Questions relatives à l’utilisation et à la monétisation des données personnelles

Dans le modèle mis en place par la RTBF, l’utilisateur a accès gratuitement à une majeure partie de l’offre d’Auvio. Dans ce cas, la RTBF bénéficie d’une monétisation financière de l’utilisation par l’insertion de publicité. En outre, certains contenus premium sont payants.

Ceci amène à s’interroger sur le rôle que doit tenir la RTBF, une entreprise publique financée en partie par une dotation, dans l’accès gratuit à des contenus audiovisuels d’intérêt public sur sa plateforme de distribution. En effet, même si l’utilisation de la plateforme se veut « gratuite » pour le consommateur, le service n’est accessible qu’à condition pour celui-ci de consentir à l’exploitation de ses données personnelles permettant ainsi à la RTBF de proposer de la publicité ciblée. Dès lors, nous sommes ici en présence d’un marché biface (voir multiface)[1] ayant pour volonté de capter de la valeur et le service n’est donc pas réellement « gratuit » pour le consommateur.

Il est donc intéressant de s’interroger sur une obligation de garantir la gratuité des contenus de la RTBF sur Auvio, tout en définissant ce que l’on entend par gratuité. Ne peut-on imaginer que pour certains contenus de service public, le consommateur ne soit pas soumis à une utilisation de ses données personnelles[2] ? Ou bien que ses données personnelles ne soient pas exploitées et que la publicité soit supprimée ? A titre d’exemple, on pourrait imaginer que l’information issue de la RTBF ou de LN24 soit accessible sans nécessité de s’inscrire sur Auvio, sans recours à des cookies, sans traitement de données personnelles de l’utilisateur ni d’insertion de publicité (de manière cumulative ou non).

 

[1] « Les marchés bifaces (ou plus généralement multifaces) se définissent grossièrement comme des marchés dans lesquels une ou plusieurs plates-formes permettent des interactions entre utilisateurs finaux, et tentent d’obtenir l’adhésion des deux (ou multiples) parties en facturant chaque partie de manière appropriée. » (traduction libre d’après ROCHET, Jean/TIROLE,Jean, Two-sided markets: a progress report, in : RAND Journal of Economics, 2006, vol. 37, n° 3, pp. 645-667).

[2] Par exemple : les programmes d’Arte sont visibles via le site arte.tv sans obligation de création de compte ni utilisation de cookies, ceux de TV5Monde sans compte également, tout comme le direct sur VRTnu (mais pas le rattrapage ou l’exclusif qui demandent la création d’un compte). 

Autres questions

Le Collège d’autorisation et de contrôle du CSA plaide pour une réflexion de fond sur les implications possibles du développement d’Auvio sur le bon fonctionnement du marché des médias et le pluralisme.
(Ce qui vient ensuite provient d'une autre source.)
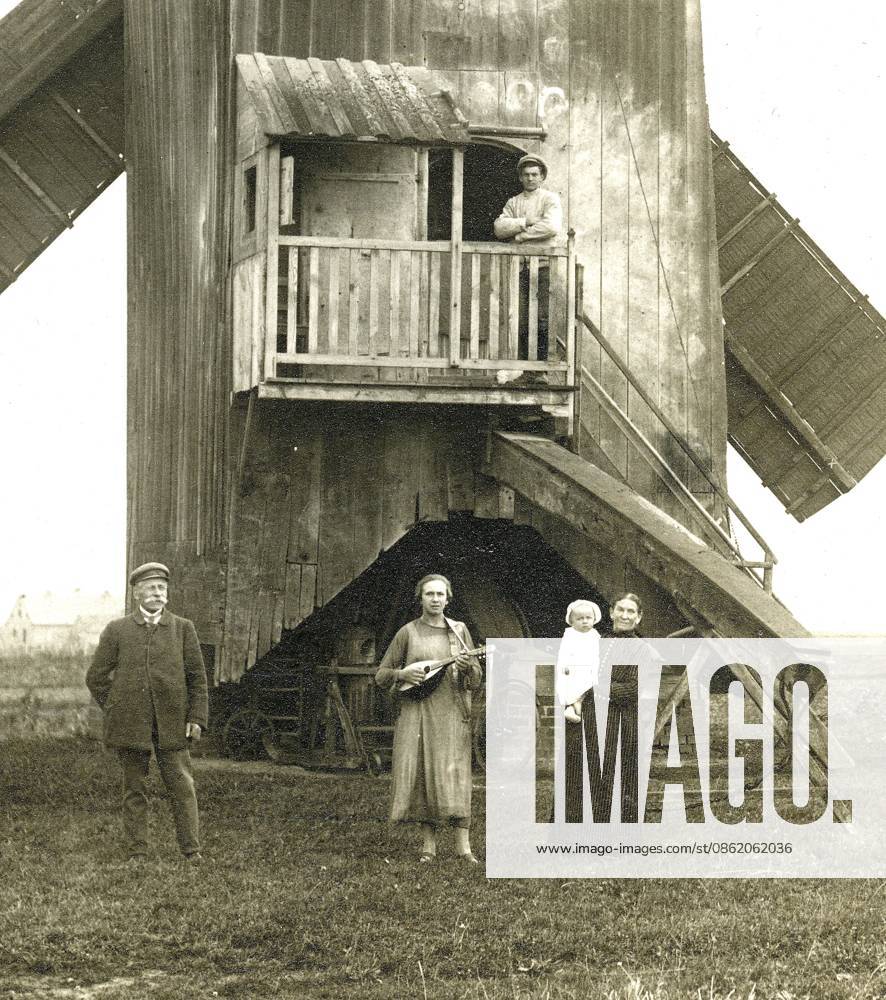 Wandervogel, Lebensreform, Frau mit Laute, Windmühle 19. Jahrhundert, Alte Windmühle aus Holz mit Menschen im Vordergrund, ländliche Atmosphäre und historische Kleidung, um 1924 Wandervogel, Lebensreform, woman with lute, 19th century windmill, old wooden windmill with people in the foreground, rural atmosphere and historic clothing, around 1924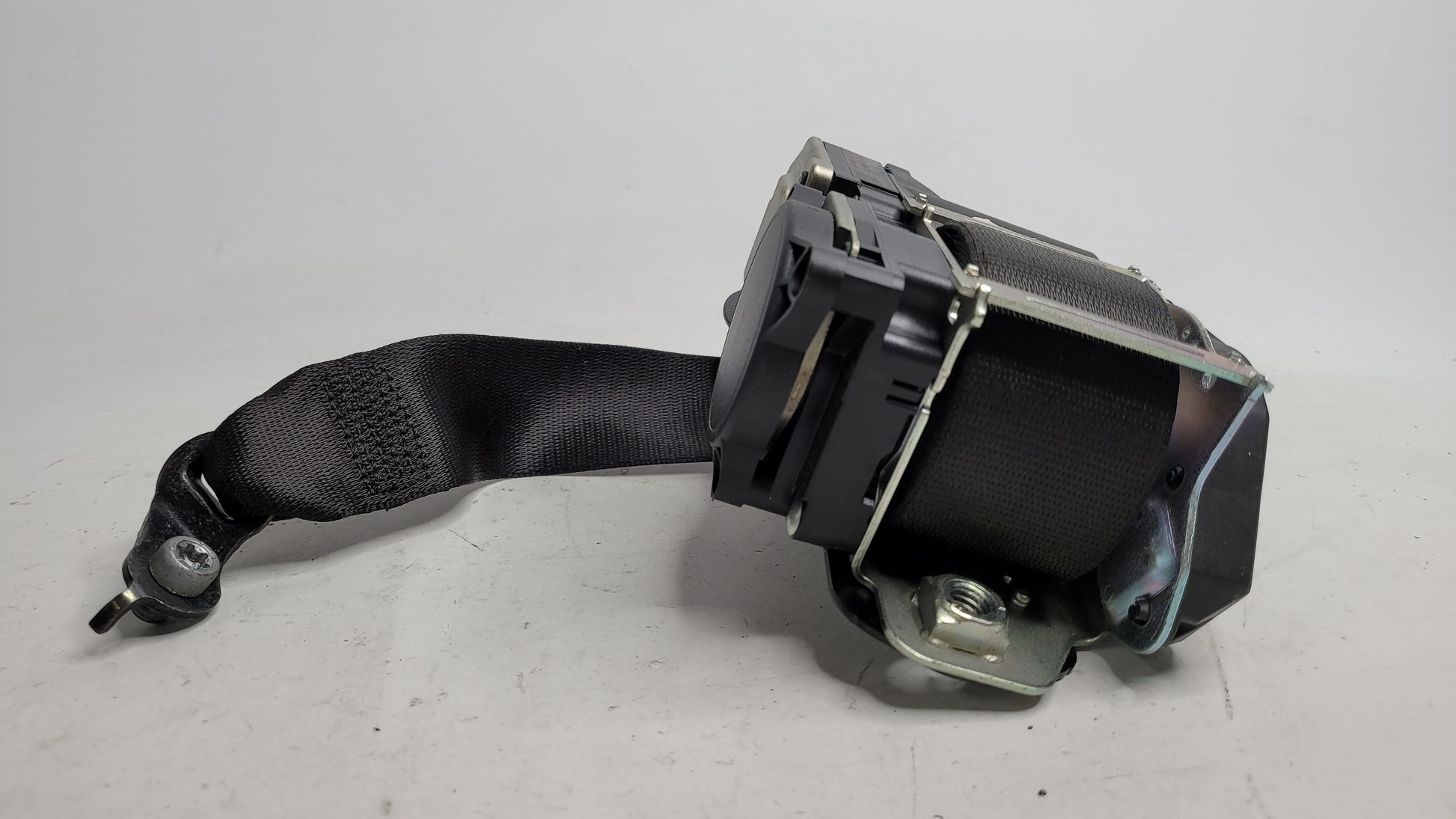 BMW M3 F80 Front Seatbelt Safety Belt LHS 628640700 - MPerformance.parts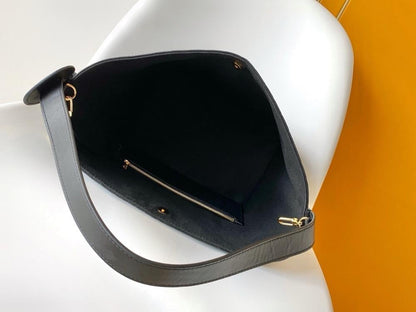 Elegant Stylish Monogram Leather Travel Bag – Limited Edition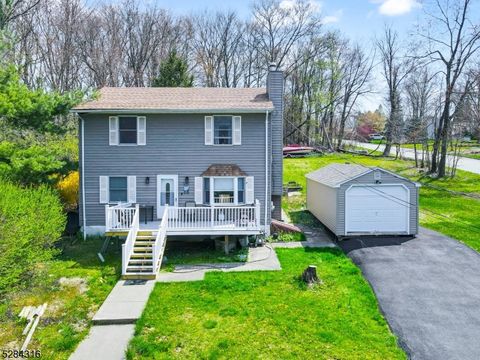 16 Cold Spring Rd, West Milford Twp., NJ 07421 - #: 3898820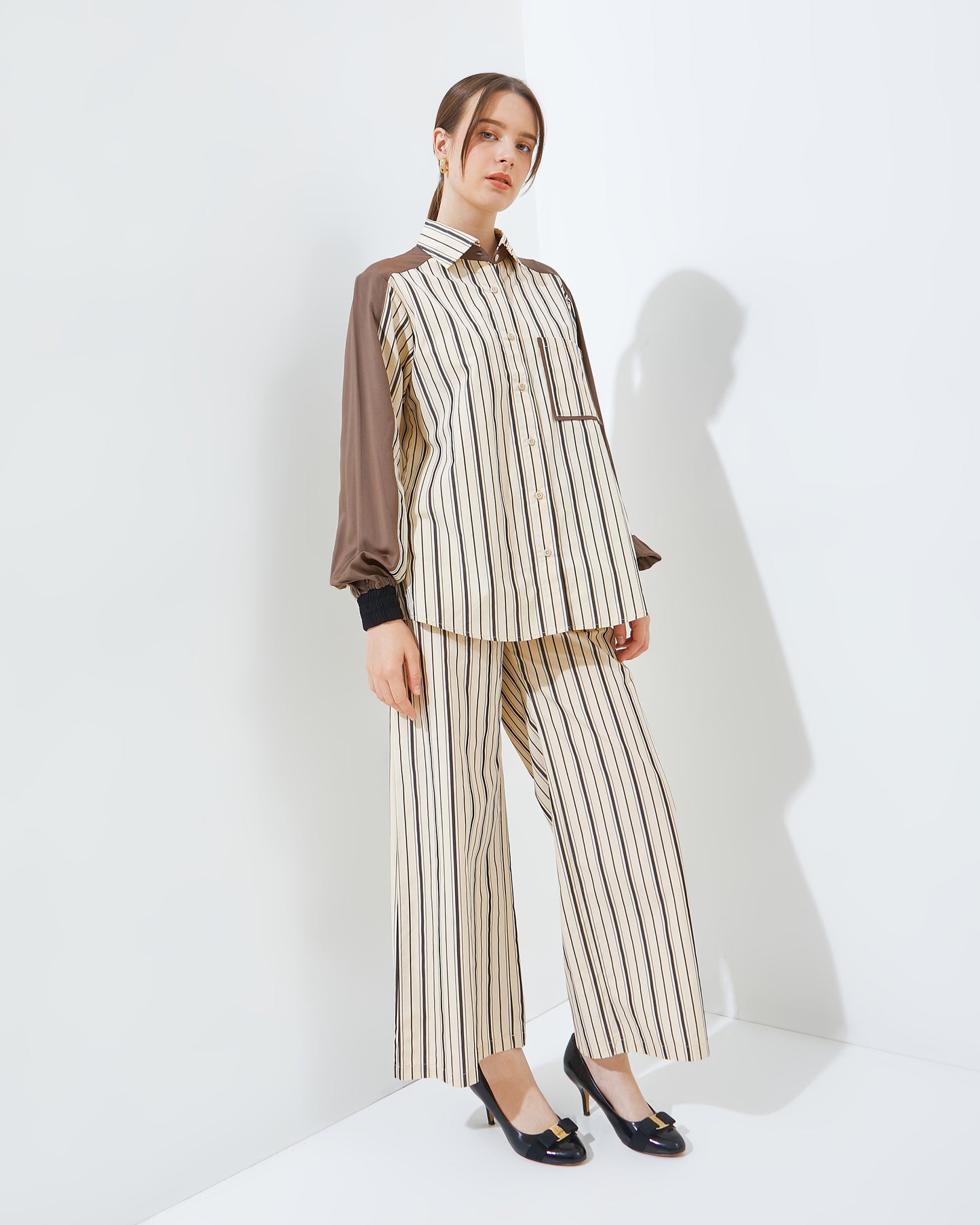 Bonnie Set in Brown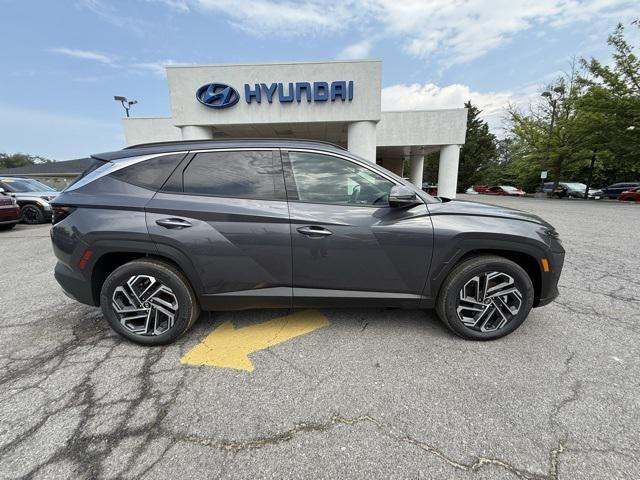 new 2025 Hyundai TUCSON Hybrid car, priced at $41,015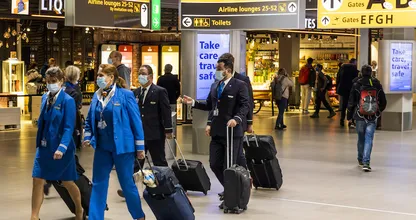 Drukte op Schiphol overleven? Dit zijn je opties en je rechten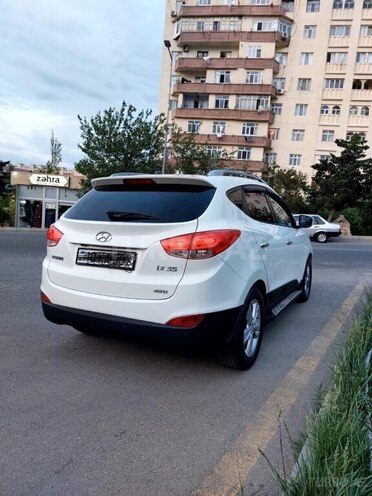 Hyundai ix35 2010, 180,000 km - 2.0 л - Bakı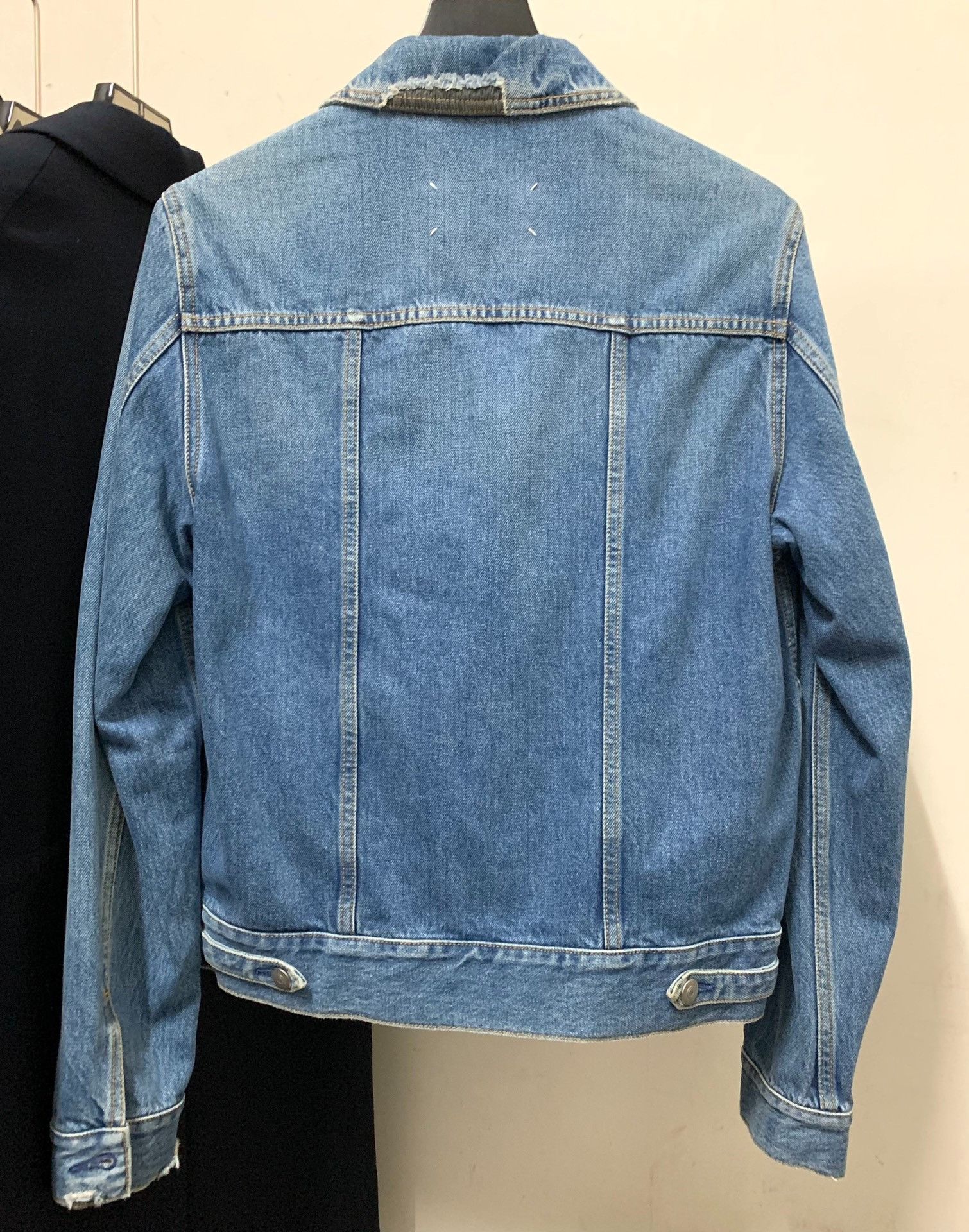 Maison Margiela Maison Margiela SS17 short version destroys denim jacket 25 Size US M / EU 48-50 / 2 - 2 Thumbnail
Il estime en effet important de garantir l’égalité de traitement des éditeurs partenaires de la RTBF (privés et publics) en matière de conditions d’accès de ceux-ci à la plateforme Auvio, y compris en ce qui concerne la tarification appliquée.

Par ailleurs, le Collège se demande si une obligation de séparation comptable à charge de la RTBF, pour les activités liées à la distribution sur la plateforme Auvio, ne pourrait constituer une mesure de transparence permettant d’évaluer l’apport de ces activités dans le financement de ses missions de service public et l’impact de ces mêmes activités sur le marché.